A team of scientists working in Georgia, in the former Soviet Union, has unearthed the remains of four human-like creatures dating to 1.8 million years ago, which they say sheds new light on a key stage in human evolution. The specimens are the oldest hominids to ever be found outside of Africa.
The Dmanisi site where the bones were discovered, was once near a lava flow where these primitive humans are believed to have scavenged carcasses for meat. But it appears these early humans ancestors became the unfortunate victims of a large carnivore, as their collective bones were marked by animal teeth and found in a lair-like deposit.

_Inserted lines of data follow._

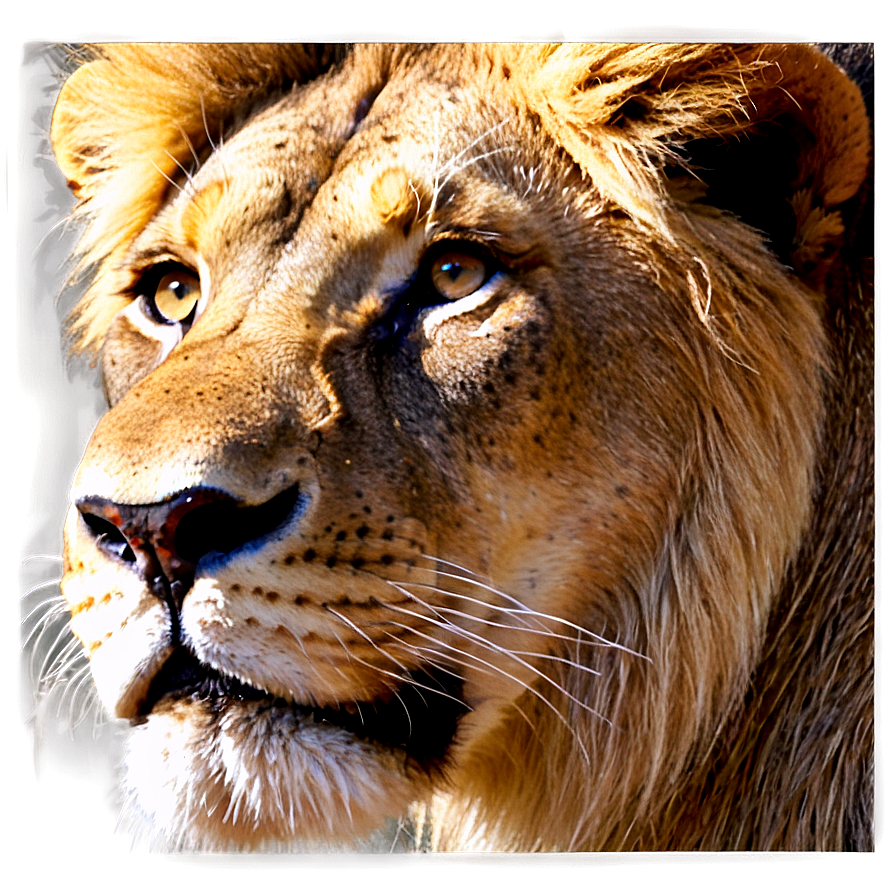 Lion Face In Shadows Png 34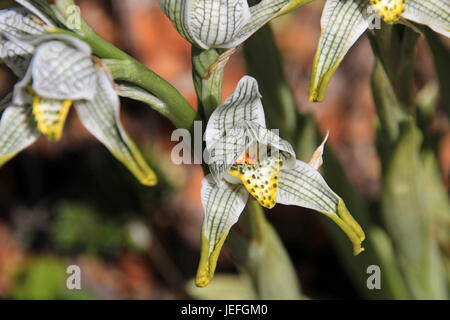 Mosaïque de porcelaine ou d'orchidée, chloraea magellanica, Carretera Austral, Patagonie Chili Banque D'Images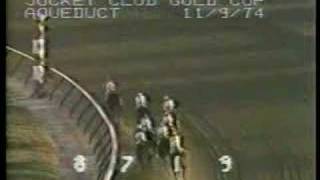 Forego  1974 Jockey Club Gold Cup [upl. by Monteith]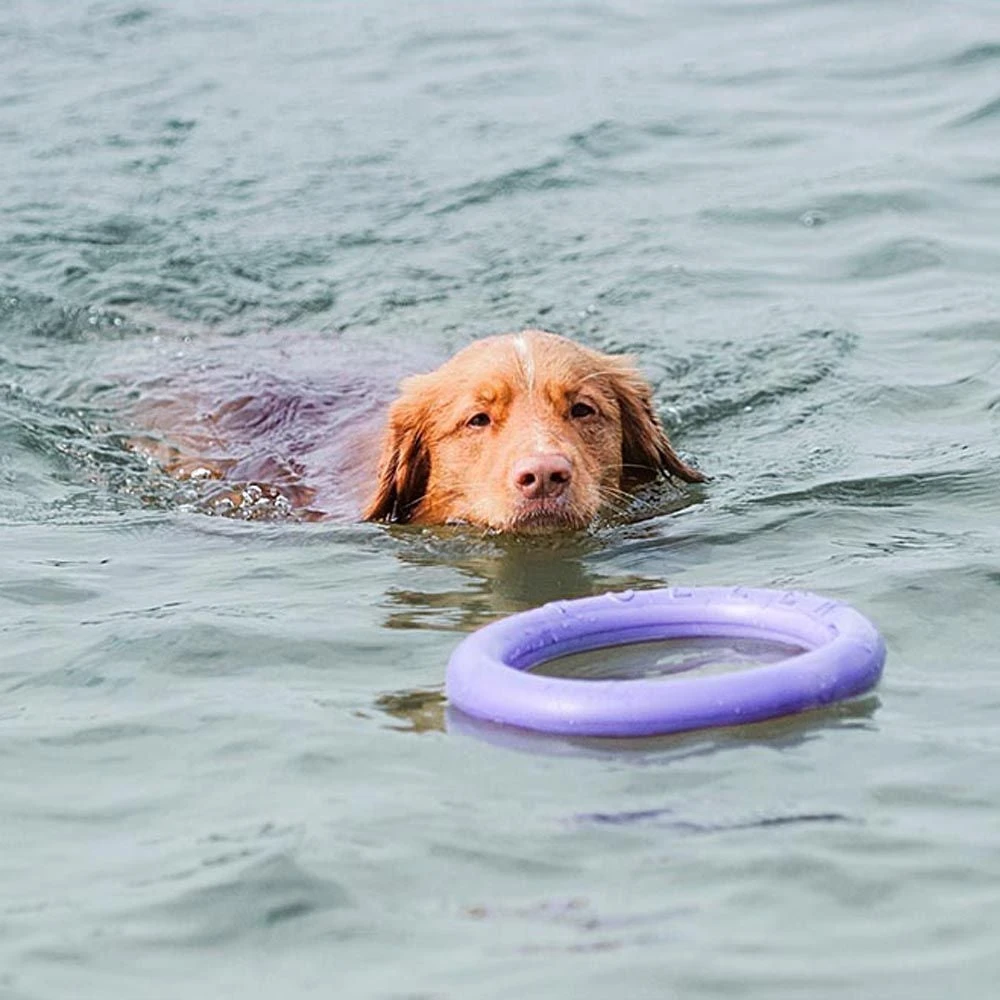 Ferplast Hondenspeelgoed Puller Standaard Paars D 27 H 8,5 Cm 2 Stuks 10 Ferplast Hondenspeelgoed Puller Standaard Paars D 27 H 8,5 Cm 2 Stuks - Afbeelding 8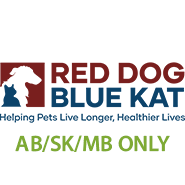 Red Dog Blue Kat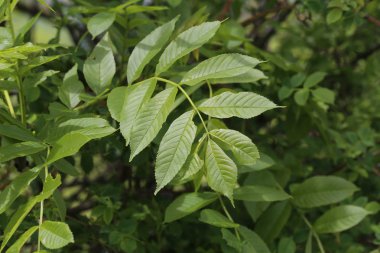 Bahar ormanlarında ağaçlarda ilk yapraklar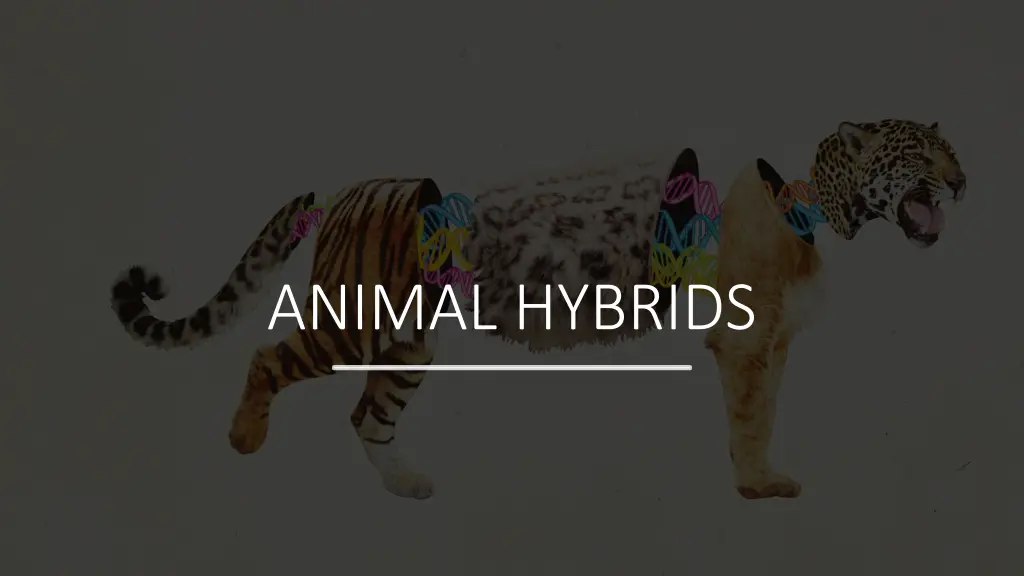 animal hybrids n.w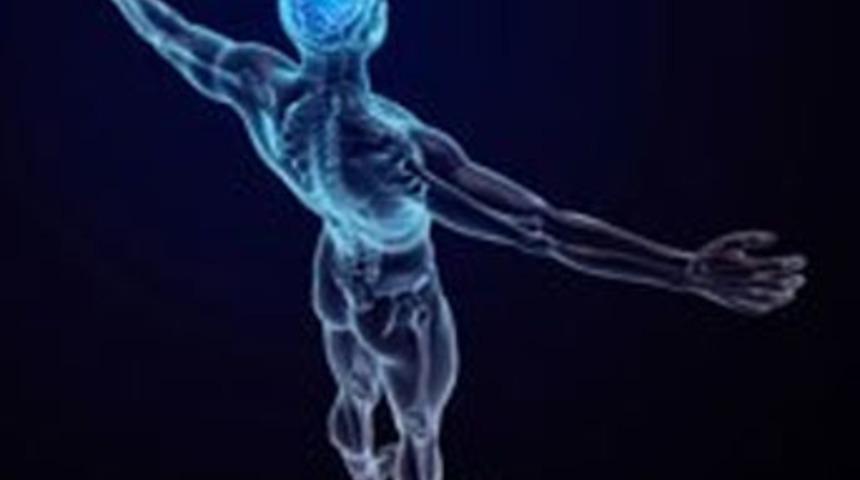 GATA'da 'vücut yedek parçası' üretildi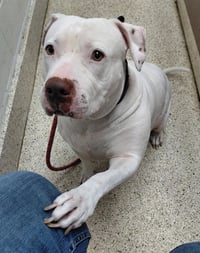 Sadie Mae - Photo 2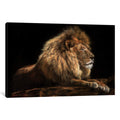 Icanvas Golden Lion By David Stribbling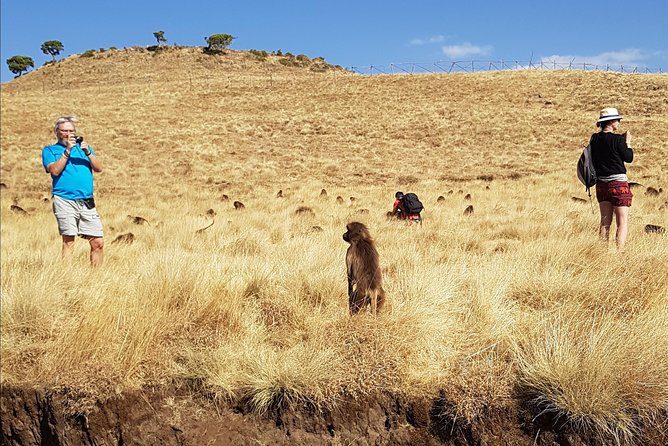 Debre Libanos Monastery and Jemma River Gorge - Day Tour From Addis Ababa - Scenic Mountain Views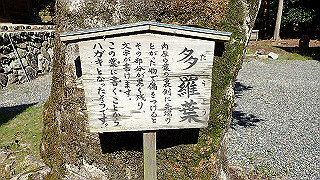 p4302904_thumb.jpg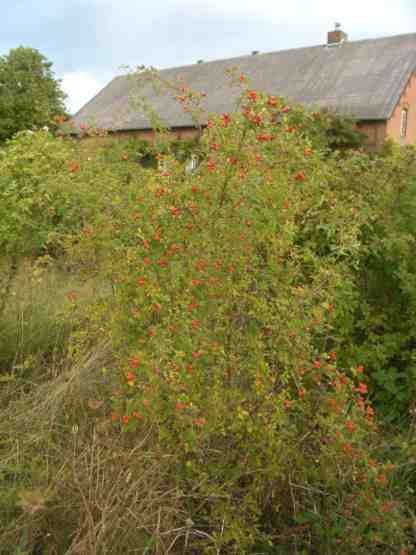 Rosa rubiginosa, schlanker, aufrechter Strauch um 220 cm mit Früchten.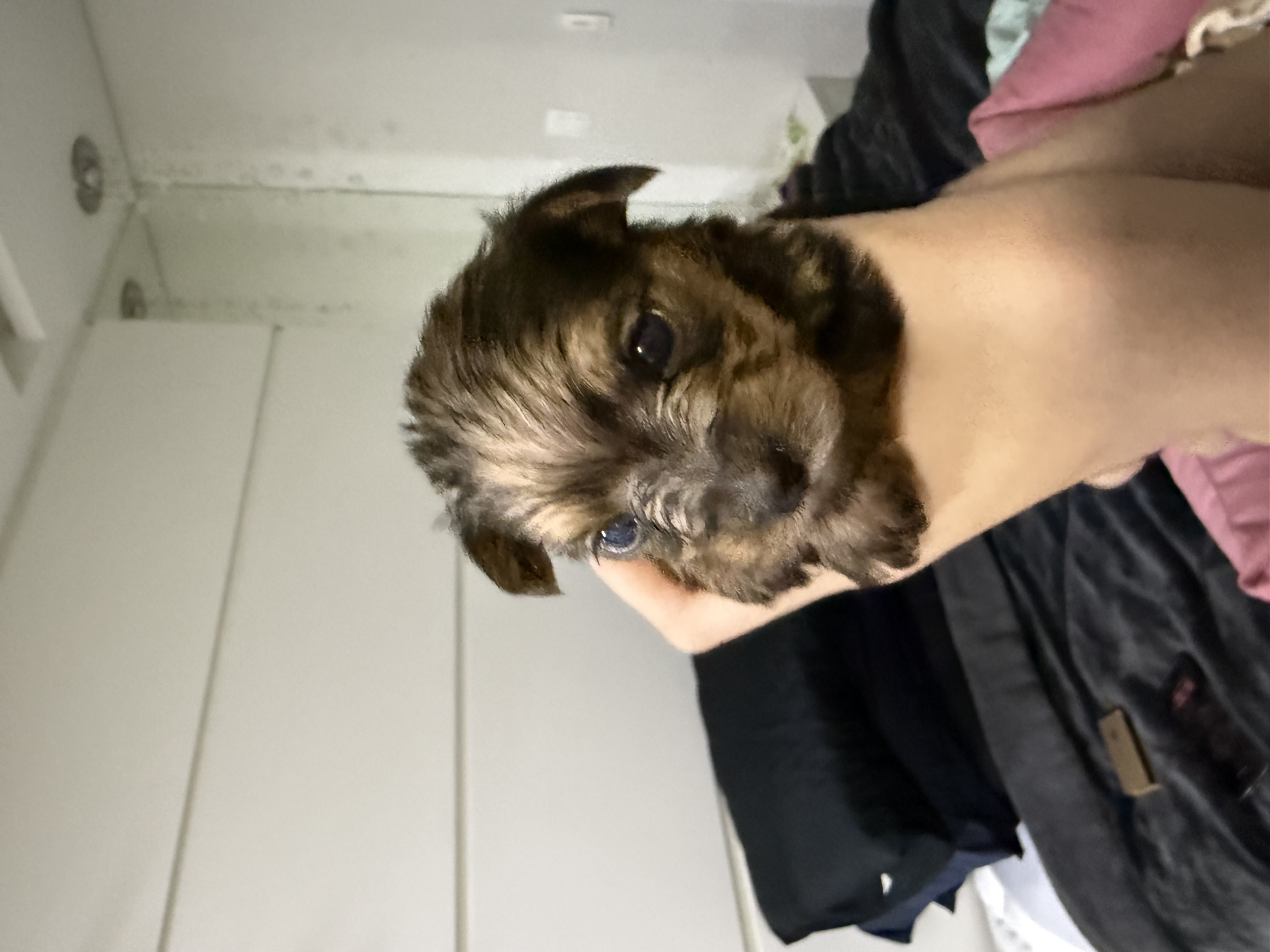 Portal Vendocão Filhotes Yorkshire  Porto Alegre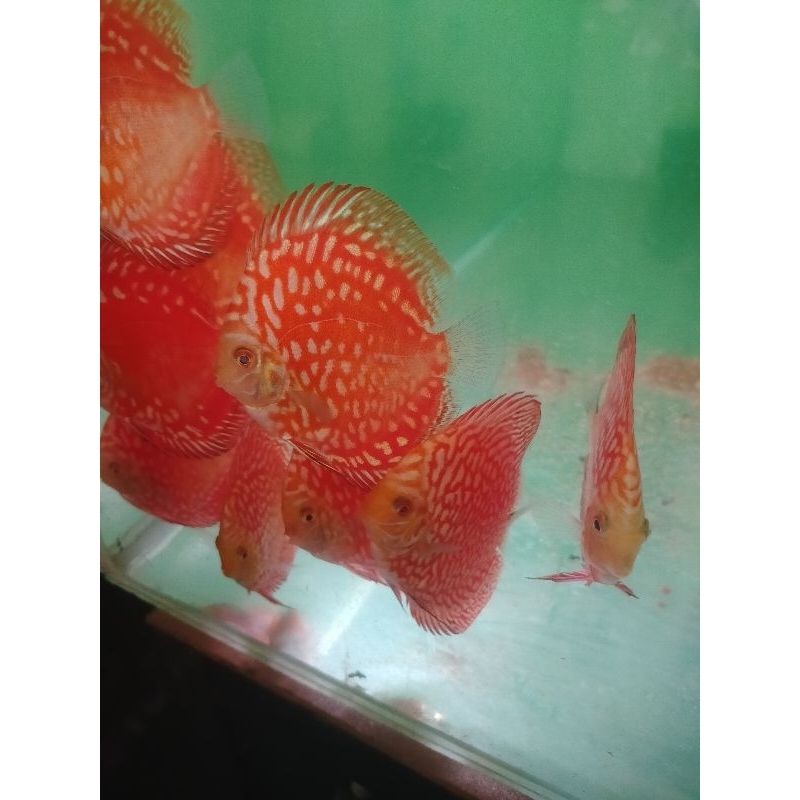 DISCUS RED RAFLESIA QUALITY SHOW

In the journal Nature, the researchers outline details of the partial skeletons uncovered. The bones are a mixture of primitive and advanced features, team leader David Lordkipanidze explains. These early hominids were likely “ancient pioneers”, as they appear to be among the first to leave Africa to colonize other parts of the world.
"Dmanisi is a real gift, because nothing in the world exists like this for this time," says lead author David Lordkipanidze.
Discovered in the early 1990s, the Dmanisi site has been a rich source of remains and artefacts from the early Pleistocene Epoch. Studying the various skulls and jaws has given scientists important information about the early species that lived here. But until recently they had little information about the rest of the skeleton. The remains uncovered at the town of Dmanisi consist of the partial skeleton of an adolescent individual associated with a skull, and the "post-cranial" remains of three adults.
The well-preserved fossils resemble Homo erectus, a species from the genus Homo that first appeared in Africa some two million years ago and quickly spread throughout Europe and much of Asia.
Lordkipanidze and his colleagues note that the skeletal fossils of shoulder, arm, spine and leg show that the individuals were small (about 50 kilograms on a frame of some 150 centimetres tall), had modern-human body-limb proportions. They have remarkably human-like spines and lower limbs that would have been well suited for long distance travel. Their feet had well-developed arches. The small difference in the size of males and females would put them in the same company as Homo erectus and Homo sapiens.
However, they also have relatively small brains and primitive upper limbs, traits which they share with the earlier Homo habilis, and even with the more primitive Australopithecus, such as the famous “Lucy”, specimen which lived in Africa some four million years ago.
"The really important point is you have multiple individuals from the same time and location," notes Tim White, a palaeoanthropologist at the University of California, Berkeley. With just one individual specimen it is quite difficult to determine whether a specific feature such as head size is typical of the entire species or just characteristic of that one individual. However, finding the remains of three adults and an adolescent all in the same place, presents a much clearer picture of what the species was like as a whole.